Answer:
1. The remainder is 2·x² - x + 4
2. The polynomial is 12·x⁵ + 30·x⁴ + 20·x³
Explanation:
Here we have that the polynomial is to be divided by x(x-1)(x-2) with a remainder, hence the polynomial should be at least degree 3
Therefore
Therefore, f(x) = g(x)·x·(x-1)·(x-2)+a·x² + b·x + c
We substitute the values of x and f(x) to get
f(0) = c = 4
f(1) = a + b + 4 = 5 which gives a + b = 1.......................(1)
f(2) = 4·a + 2·b + 4 = 10 which gives 4·a + 2·b = 6----(2)

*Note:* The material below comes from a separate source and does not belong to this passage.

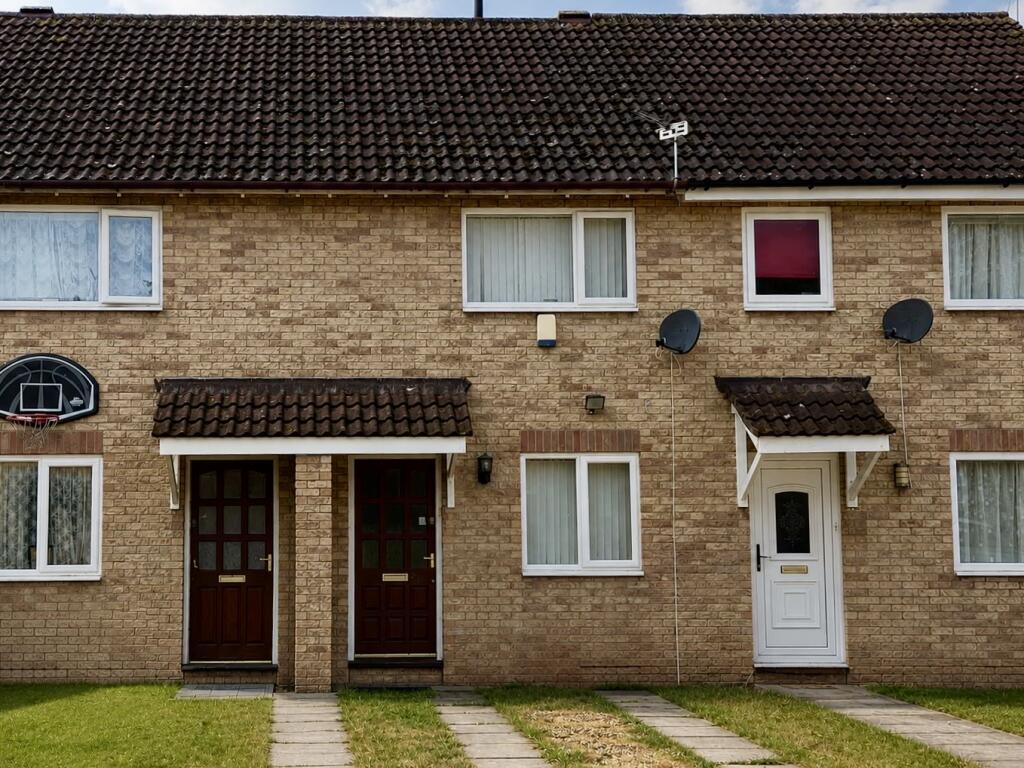 Horwood Close, Splott, Cardiff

Multiplying equation (1) by 2 and subtracting it from equation (2), we get
2·a = 4
a = 2 ∴ b = 1 - 2 = -1
Hence, f(x) divided by x·(x-1)·(x-2), the remainder = 2·x² - x + 4
2. Here we have
f(x) is divisible by x³ gives
f(x) = x³(ex² + fx + g) = e·x⁵ + f·x⁴ + g·x³
and f(x) + 2 = (x + 1)³(a·x² + b·x +c) = a·x⁵ + (3·a+b)·x⁴ + (3·a+3·b+c)·x³ + (a+3·b+3·c)·x² + (b+3·c)·x + c
f(x) = (x + 1)³(a·x² + b·x +c) = a·x⁵ + (3·a+b)·x⁴ + (3·a+3·b+c)·x³ + (a+3·b+3·c)·x² + (b+3·c)·x + c - 2
Therefore, the coefficients of x², x and the constants are equal to 0
We have
a+3·b+3·c = 0
b+3·c = 0
c - 2 = 0
Hence, c = 2, b = -6, a = 12
Therefore the polynomial = 12·a⁵ + 30·x⁴ + 20·x³.